Integrating an external identity provider (IdP) greatly increases the security of your platform. When you integrate your IdP into Astro Private Cloud:

  • Users no longer need to repeatedly sign in and remember credentials for their account.
  • You have complete ownership over credential configuration and management on Astro Private Cloud.
  • You can enforce multi-factor authentication (MFA) for users.

In addition to the default methods, Astronomer provides the option to integrate any IdP that follows the Open Id Connect (OIDC) protocol. This includes (but isn’t limited to):

  • Microsoft Entra ID
  • Okta
  • IdPs managed through Auth0
  • Amazon Cognito

After you integrate your IdP, you can invite users that already have an account on your IdP to Astro Private Cloud. For a more advanced integration, you can configure SCIM so that you can manage users directly from your IdP and import batches of users into Astro Private Cloud as Teams.

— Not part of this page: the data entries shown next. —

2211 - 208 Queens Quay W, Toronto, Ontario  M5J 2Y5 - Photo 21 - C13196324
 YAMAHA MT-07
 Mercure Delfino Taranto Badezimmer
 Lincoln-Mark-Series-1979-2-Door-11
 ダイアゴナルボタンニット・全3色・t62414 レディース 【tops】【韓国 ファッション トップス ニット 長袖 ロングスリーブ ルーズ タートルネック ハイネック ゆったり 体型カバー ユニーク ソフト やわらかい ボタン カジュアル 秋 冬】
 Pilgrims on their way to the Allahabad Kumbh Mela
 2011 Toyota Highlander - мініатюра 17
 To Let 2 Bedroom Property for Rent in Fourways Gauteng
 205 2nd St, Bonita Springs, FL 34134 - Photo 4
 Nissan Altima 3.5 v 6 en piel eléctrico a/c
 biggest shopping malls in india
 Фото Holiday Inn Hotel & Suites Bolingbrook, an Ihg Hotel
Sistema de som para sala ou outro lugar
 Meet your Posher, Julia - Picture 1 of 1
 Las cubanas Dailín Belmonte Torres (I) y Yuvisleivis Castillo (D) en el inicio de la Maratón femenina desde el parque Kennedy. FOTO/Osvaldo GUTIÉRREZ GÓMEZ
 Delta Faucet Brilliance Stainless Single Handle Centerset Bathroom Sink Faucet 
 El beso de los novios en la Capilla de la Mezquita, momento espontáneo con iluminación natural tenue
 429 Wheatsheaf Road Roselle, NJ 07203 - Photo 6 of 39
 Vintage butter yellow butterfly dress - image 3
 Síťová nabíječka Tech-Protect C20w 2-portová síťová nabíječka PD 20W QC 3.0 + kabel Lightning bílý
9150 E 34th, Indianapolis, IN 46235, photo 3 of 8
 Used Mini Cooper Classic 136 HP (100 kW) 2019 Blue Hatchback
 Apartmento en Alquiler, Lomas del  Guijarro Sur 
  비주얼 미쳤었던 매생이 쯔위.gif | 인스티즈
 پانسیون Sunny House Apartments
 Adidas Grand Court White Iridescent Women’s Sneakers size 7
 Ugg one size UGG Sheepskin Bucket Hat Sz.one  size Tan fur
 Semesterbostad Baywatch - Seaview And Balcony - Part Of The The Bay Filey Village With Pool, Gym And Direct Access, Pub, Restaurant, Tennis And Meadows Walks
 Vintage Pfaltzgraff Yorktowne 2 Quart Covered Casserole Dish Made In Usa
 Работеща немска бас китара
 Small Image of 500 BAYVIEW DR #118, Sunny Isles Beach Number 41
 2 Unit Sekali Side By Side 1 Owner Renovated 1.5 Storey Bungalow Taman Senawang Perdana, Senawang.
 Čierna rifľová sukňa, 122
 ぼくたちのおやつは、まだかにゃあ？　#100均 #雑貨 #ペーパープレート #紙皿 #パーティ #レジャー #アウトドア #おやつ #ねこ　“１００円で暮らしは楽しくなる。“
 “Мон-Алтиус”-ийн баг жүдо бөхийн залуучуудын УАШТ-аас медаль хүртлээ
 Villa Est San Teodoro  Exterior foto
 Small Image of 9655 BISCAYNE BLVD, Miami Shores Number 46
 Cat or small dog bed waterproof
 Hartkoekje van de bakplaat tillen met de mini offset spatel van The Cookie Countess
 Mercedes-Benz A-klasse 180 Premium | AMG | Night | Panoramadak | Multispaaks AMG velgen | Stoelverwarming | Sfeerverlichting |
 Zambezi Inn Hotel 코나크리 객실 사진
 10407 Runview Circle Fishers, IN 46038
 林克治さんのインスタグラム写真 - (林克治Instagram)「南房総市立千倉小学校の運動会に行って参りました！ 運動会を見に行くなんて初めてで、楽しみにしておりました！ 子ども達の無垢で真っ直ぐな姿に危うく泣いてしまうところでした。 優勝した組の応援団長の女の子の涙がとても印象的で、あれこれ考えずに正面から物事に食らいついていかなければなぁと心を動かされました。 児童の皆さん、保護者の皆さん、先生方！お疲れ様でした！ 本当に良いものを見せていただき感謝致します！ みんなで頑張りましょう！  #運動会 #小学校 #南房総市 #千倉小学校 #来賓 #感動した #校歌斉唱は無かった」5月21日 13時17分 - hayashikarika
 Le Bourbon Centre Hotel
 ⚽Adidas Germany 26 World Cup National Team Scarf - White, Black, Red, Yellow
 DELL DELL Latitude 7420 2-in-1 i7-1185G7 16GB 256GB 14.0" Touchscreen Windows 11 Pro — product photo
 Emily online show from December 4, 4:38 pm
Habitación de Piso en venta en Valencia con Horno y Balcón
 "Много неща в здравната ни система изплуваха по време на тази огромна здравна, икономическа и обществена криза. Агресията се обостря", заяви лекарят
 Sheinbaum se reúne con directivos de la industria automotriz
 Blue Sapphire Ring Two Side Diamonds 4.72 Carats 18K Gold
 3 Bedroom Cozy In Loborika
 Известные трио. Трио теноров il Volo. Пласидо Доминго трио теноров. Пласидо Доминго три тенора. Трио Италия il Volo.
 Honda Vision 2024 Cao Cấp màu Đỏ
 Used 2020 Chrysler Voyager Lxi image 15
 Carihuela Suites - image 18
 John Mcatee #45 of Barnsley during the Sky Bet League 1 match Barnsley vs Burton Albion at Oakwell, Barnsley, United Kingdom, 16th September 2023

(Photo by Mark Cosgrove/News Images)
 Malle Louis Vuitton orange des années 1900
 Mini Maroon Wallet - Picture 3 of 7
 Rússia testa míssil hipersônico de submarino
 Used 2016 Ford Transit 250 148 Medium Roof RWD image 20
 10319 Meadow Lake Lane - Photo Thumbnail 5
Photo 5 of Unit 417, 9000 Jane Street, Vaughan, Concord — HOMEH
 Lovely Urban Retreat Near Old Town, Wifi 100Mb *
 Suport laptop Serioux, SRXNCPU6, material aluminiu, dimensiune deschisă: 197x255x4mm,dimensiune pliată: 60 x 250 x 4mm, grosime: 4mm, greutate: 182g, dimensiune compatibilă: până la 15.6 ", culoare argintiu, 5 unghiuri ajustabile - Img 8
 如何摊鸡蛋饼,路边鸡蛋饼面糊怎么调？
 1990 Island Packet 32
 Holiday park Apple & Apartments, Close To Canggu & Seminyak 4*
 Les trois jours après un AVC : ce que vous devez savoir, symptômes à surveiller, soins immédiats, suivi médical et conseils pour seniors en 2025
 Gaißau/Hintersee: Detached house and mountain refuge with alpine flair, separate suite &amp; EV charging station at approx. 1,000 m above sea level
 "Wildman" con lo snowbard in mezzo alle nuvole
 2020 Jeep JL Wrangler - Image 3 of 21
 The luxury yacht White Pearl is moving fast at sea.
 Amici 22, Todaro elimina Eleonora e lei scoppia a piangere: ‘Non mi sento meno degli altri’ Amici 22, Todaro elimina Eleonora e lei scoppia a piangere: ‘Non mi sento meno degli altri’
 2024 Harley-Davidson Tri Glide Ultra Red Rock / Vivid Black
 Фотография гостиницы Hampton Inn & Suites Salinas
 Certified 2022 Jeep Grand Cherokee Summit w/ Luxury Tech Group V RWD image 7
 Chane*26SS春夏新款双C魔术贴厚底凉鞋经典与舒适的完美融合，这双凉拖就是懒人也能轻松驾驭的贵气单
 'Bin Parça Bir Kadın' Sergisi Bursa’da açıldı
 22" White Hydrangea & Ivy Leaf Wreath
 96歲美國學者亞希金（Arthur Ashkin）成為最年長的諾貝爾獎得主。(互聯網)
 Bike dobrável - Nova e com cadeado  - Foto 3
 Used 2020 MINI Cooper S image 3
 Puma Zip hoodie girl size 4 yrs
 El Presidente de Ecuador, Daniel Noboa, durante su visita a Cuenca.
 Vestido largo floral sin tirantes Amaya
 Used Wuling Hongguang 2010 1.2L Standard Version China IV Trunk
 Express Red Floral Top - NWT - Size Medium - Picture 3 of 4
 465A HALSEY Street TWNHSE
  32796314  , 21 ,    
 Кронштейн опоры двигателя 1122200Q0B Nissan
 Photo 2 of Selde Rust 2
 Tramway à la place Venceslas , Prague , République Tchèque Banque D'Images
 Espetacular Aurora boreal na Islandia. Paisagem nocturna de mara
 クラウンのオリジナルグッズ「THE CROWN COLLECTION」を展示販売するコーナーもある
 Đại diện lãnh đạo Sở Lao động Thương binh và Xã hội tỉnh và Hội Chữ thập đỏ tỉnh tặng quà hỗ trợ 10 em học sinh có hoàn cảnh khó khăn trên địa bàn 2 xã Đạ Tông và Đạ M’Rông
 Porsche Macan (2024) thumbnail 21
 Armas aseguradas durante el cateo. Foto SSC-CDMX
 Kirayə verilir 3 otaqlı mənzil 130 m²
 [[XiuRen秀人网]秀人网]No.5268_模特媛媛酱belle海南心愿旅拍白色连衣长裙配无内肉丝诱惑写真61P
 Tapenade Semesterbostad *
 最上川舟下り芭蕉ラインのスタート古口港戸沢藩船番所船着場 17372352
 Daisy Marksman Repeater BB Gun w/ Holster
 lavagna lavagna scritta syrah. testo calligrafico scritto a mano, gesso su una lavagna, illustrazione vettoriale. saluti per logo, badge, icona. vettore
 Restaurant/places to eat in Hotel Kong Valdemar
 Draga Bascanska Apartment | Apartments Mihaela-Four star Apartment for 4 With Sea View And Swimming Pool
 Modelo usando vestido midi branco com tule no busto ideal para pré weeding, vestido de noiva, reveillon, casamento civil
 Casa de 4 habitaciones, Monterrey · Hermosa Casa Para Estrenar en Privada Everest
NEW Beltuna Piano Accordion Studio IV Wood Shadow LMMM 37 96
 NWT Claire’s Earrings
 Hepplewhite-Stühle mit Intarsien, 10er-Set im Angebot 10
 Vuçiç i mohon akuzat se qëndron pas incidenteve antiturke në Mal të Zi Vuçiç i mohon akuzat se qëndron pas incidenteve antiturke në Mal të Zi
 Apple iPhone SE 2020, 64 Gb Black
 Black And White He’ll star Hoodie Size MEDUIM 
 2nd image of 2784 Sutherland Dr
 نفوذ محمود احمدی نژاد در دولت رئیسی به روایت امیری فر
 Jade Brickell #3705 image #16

The following setups assume that you are using the default Astronomer implicit flow as your authorization flow. To implement a custom authorization flow, see Configure a Custom OAuth Flow.
Microsoft Entra ID
Okta
Auth0
AWS Cognito
Local auth
General OIDC

Step 1: Register an application using App Registrations on Azure

  1. In Microsoft Entra ID, click App registrations > New registration.

  2. Complete the following sections:

    • Name: Any

    • Supported account types: Accounts in this organizational directory only (Astronomer only - single tenant)

    • Redirect URIs:

      • Web / https://houston.BASEDOMAIN/v1/oauth/redirect/.
      • Web / https://houston.BASEDOMAIN/v1/oauth/callback/.

      Replace BASEDOMAIN with your own. For example, if your base domain is example.com, your redirect URIs should be https://houston.example.com/v1/oauth/redirect/ and https://houston.example.com/v1/oauth/callback/.

  3. Click Register.

  4. Click Authentication in the left menu.

  5. In the Web area, confirm the redirect URI is correct.

  6. In the Implicit grant and hybrid flows area, select Access tokens and ID tokens.

  7. Click Save.

authentication.png

Step 2: (Optional) Create a client secret

Complete this setup only if you want to import Microsoft Entra ID groups to Astro Private Cloud as Teams.

  1. In your Microsoft Entra ID application management left menu, click Certificates & secrets.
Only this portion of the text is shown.